Five big moves make all the difference in shifting your odds. Big moves sound scary but they are the safest best. They are best done by purposefully making a series of smaller steps over time.
Programmatic M&A and divestitures
The myth that 75% of all mergers fail was based on a statistic related to “announcement day effect” that failed to capture the reality of corporate value creation (not to mention that many smaller deals don’t get announced but cumulatively matter a lot).
Repetition of M&A helps you get past the curse of introspection, strengthens the capabilities of your business. M&A and post-merger programs are not innate talents, they are mastery acquired by doing them over and over again.
Active resource re-allocation
Re-allocation Is not just limited to capex across segments.
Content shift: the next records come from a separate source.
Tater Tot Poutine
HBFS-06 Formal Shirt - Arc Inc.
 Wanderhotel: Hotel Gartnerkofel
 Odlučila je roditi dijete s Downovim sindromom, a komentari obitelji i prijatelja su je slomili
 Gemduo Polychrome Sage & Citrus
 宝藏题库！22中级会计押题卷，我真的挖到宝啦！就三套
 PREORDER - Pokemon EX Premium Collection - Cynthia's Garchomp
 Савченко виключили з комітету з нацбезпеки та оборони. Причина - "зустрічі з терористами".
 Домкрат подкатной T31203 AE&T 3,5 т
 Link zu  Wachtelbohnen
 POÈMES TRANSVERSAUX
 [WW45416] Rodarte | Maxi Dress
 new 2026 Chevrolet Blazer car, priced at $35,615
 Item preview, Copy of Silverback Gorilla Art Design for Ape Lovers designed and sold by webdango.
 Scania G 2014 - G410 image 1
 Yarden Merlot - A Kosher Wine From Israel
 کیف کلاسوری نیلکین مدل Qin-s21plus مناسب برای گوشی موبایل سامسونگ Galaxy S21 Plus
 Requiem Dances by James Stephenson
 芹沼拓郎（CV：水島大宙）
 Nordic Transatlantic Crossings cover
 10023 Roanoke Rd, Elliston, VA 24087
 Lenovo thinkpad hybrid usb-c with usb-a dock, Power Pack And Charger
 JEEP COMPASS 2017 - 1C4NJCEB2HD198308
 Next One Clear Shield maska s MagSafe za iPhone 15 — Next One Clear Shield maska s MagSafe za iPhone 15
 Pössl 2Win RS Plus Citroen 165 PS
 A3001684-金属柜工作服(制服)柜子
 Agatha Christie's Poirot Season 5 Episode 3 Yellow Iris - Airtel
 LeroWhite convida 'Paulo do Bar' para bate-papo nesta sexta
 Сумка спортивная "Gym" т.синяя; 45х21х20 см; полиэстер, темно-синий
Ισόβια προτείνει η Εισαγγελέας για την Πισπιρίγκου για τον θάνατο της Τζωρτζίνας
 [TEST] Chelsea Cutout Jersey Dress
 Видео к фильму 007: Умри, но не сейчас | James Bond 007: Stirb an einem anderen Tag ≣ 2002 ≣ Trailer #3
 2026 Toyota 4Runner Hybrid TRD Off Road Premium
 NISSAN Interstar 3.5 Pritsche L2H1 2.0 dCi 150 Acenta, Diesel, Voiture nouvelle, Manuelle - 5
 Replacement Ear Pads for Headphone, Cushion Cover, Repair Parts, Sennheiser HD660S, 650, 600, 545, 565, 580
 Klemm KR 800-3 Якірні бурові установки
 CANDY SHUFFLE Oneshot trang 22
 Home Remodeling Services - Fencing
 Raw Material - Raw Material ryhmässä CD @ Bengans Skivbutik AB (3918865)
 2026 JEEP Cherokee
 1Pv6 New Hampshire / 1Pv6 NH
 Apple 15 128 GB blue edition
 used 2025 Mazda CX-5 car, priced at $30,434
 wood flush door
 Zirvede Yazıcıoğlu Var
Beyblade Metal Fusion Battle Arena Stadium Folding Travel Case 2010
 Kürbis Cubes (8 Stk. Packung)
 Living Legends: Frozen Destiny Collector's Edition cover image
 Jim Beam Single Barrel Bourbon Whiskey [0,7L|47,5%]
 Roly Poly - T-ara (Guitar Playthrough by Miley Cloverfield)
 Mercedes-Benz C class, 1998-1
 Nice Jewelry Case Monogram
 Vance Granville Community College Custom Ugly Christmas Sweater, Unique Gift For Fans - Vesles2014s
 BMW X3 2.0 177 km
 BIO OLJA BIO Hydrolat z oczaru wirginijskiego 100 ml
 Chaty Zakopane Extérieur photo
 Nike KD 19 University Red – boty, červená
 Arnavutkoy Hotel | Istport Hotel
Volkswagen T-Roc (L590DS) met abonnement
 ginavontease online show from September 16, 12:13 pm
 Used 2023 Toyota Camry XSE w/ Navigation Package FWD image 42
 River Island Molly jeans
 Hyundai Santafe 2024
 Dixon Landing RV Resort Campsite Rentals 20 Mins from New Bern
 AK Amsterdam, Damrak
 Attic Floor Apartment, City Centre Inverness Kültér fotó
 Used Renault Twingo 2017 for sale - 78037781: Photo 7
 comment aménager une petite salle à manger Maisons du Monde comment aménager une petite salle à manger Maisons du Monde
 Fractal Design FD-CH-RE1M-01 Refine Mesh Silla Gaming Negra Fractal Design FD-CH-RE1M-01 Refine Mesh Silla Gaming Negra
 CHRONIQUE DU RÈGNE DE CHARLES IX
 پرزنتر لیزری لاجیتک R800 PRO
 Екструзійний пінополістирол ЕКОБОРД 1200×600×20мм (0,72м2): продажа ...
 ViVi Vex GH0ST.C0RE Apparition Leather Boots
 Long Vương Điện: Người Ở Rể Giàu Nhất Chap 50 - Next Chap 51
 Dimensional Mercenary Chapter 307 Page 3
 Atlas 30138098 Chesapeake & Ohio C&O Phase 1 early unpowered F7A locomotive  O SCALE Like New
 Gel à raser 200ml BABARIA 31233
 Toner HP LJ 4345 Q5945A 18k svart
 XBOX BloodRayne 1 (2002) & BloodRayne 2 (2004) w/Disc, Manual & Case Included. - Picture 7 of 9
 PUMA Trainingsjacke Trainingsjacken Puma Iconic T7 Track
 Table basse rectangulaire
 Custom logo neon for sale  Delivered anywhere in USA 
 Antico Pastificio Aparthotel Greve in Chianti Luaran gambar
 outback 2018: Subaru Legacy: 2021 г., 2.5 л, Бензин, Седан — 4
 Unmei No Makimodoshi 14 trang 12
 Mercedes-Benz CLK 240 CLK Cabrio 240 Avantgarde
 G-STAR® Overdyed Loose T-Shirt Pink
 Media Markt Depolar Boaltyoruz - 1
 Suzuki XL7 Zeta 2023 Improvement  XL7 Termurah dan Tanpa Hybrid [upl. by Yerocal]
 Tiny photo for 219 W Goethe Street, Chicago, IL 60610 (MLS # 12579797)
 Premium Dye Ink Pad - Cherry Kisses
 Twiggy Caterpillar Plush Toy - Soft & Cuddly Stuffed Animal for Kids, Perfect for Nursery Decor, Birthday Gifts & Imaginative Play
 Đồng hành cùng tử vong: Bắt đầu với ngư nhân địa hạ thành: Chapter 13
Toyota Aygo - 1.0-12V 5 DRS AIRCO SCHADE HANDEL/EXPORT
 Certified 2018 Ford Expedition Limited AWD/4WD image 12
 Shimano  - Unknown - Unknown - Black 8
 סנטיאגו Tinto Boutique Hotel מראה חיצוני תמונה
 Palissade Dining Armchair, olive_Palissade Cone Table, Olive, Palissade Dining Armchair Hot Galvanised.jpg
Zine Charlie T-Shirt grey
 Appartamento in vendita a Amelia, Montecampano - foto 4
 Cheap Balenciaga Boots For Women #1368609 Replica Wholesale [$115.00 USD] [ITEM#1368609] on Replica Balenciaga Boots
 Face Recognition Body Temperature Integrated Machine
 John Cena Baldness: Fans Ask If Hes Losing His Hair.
Re-allocation within segments is important too and so is re-allocation of operating expense. Inertia matters a lot, and so do our organizational silos. We often don’t look at all our resources in their proper context and see how they can be shared or moved.
Strong capital programs
Successful capital programs manage a pipeline: making sure you aren’t just investing in options that you know are “in the money” – making sure you’re investing in some riskier medium terms options for the company and even longer-term even-higher-risk options.
There must be real discipline and robust investment processes. If a project doesn’t generate returns at least equal to the cost of capital, it’s actually destroying value for shareholders. This is one of the reasons why we use economic profit – after capital charges have been deducted – as our measure of financial performance for observing the Power Curve.
Distinctive productivity improvement
Being able to force the entire organization into consistently driving productivity and capturing bottom-line impact are real differentiators.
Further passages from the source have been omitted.